2002-11-25 宇宙向け国産CPU、水星探査に使用(週間アスキ−12-10号で注目記事発見)

文部科学省、宇宙科学研究所(ISAS)は、2010年に欧州宇宙機関と共同で、水星探査衛星「BepiColombo」を打上げる計画である。その衛星の一部に国産CPUが搭載される計画である。
 宇宙用部品では、宇宙放射線の影響によるソフトエラーの発生が深刻な問題となっている。そこで、ISASでは、放射線の影響を受けにくい「SOI」(シリコンオンインシュレーター)というプロセスを利用し、エラー発生率の極めて低い128Kbit-SRAMを世界ではじめて開発した。
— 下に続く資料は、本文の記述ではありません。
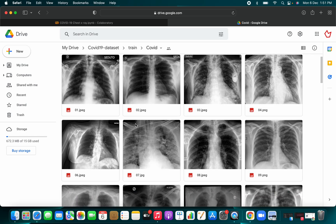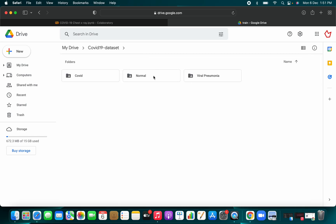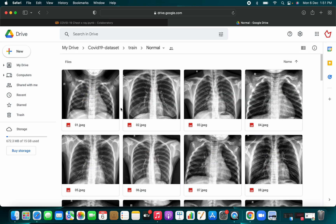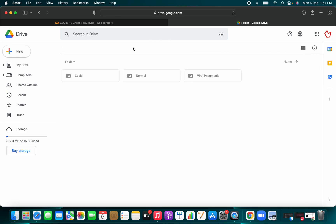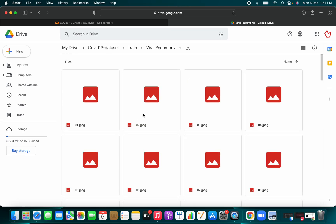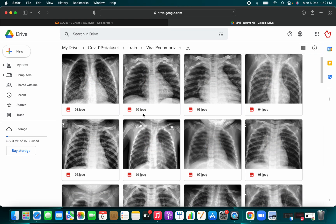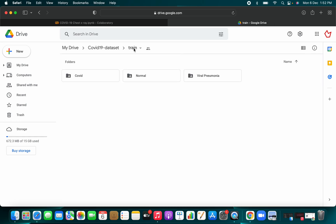In the training folder, you will have three classes: COVID, normal, and viral. The COVID folder contains all images related to COVID. The normal class is for patients not suffering from COVID or any viral disease — that is their chest X-ray. The third class is viral — you can call it pneumonia. So you have three total classes and you want to build a model that can classify between COVID, normal, and viral.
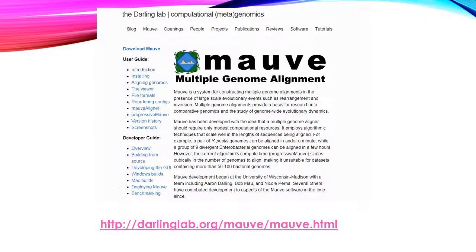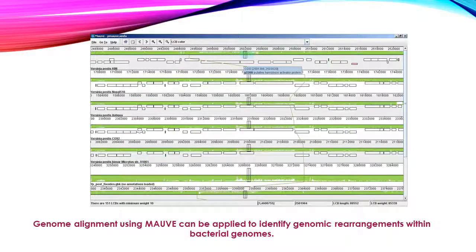Mauve can conduct multiple genome alignments. It will run from your Windows or Mac operating system, and the URL for this software is available at the provided link. Once you download Mauve onto your system, you can enable it to align two genomes and identify differences between them. The typical Mauve output is shown here. Mauve is very useful when you want to identify rearrangements of the genome.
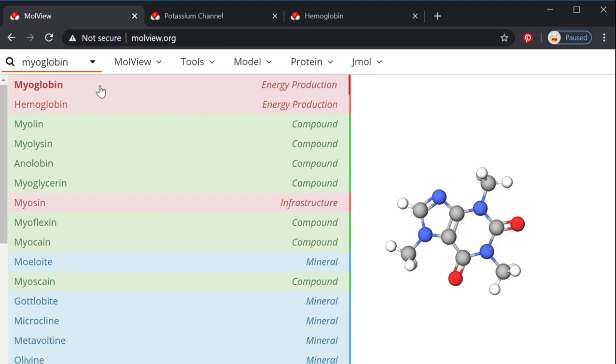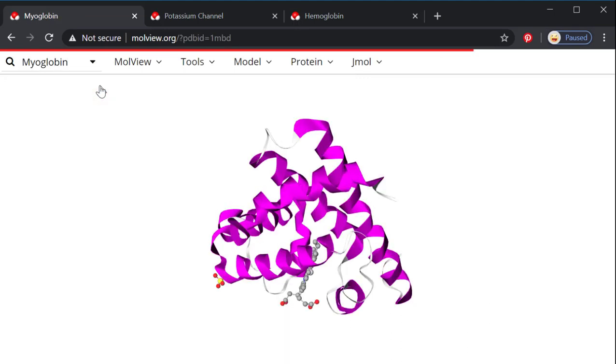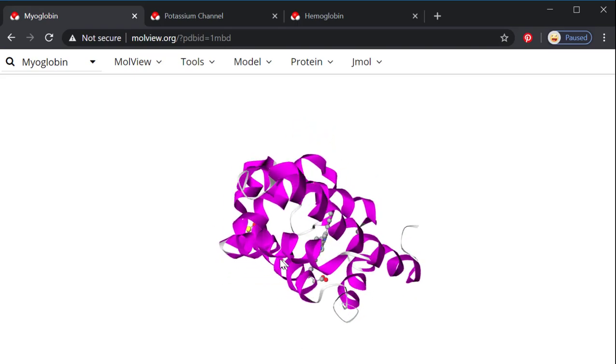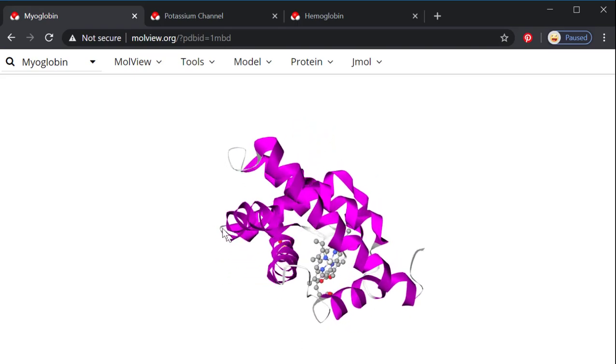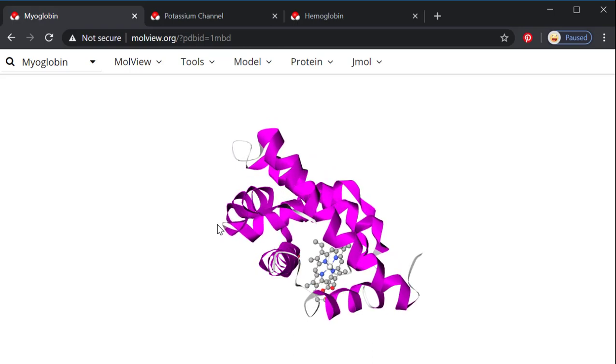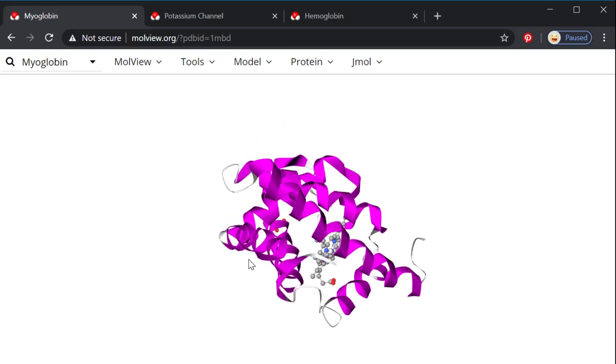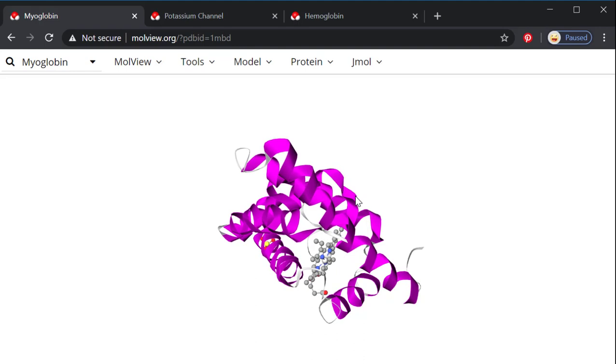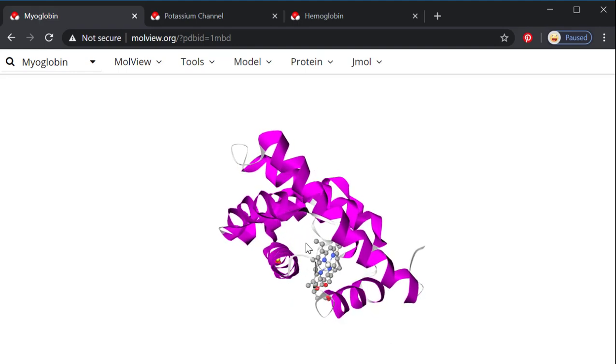So you can see here that I can select it, and it's going to give me the protein structure for it. If you hold down with your mouse, you can spin this around, and you can see that the purple is the protein portion of this myoglobin, and then in the center here, the ball and stick piece, this is a heme with an iron in the middle. This is the non-protein portion of myoglobin.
エラーの発生率は9000年に1回の確立とされる。

 この技術を応用し、ISASと三菱重工や沖電気などが宇宙航空機向けCPUを開発、生産する計画となっている。さらに水星探査衛星への搭載も視野に入れており、これが実現すれば、「国産CPUがはじめて宇宙へ飛び立つことになる」(ISASの廣瀬和之助教授)としている。
この宇宙向けCPUは、既存品と比べて価格も安く抑えられる見通しで、ISASとしては、宇宙開発における日本の戦略的部品になり得ると考えている。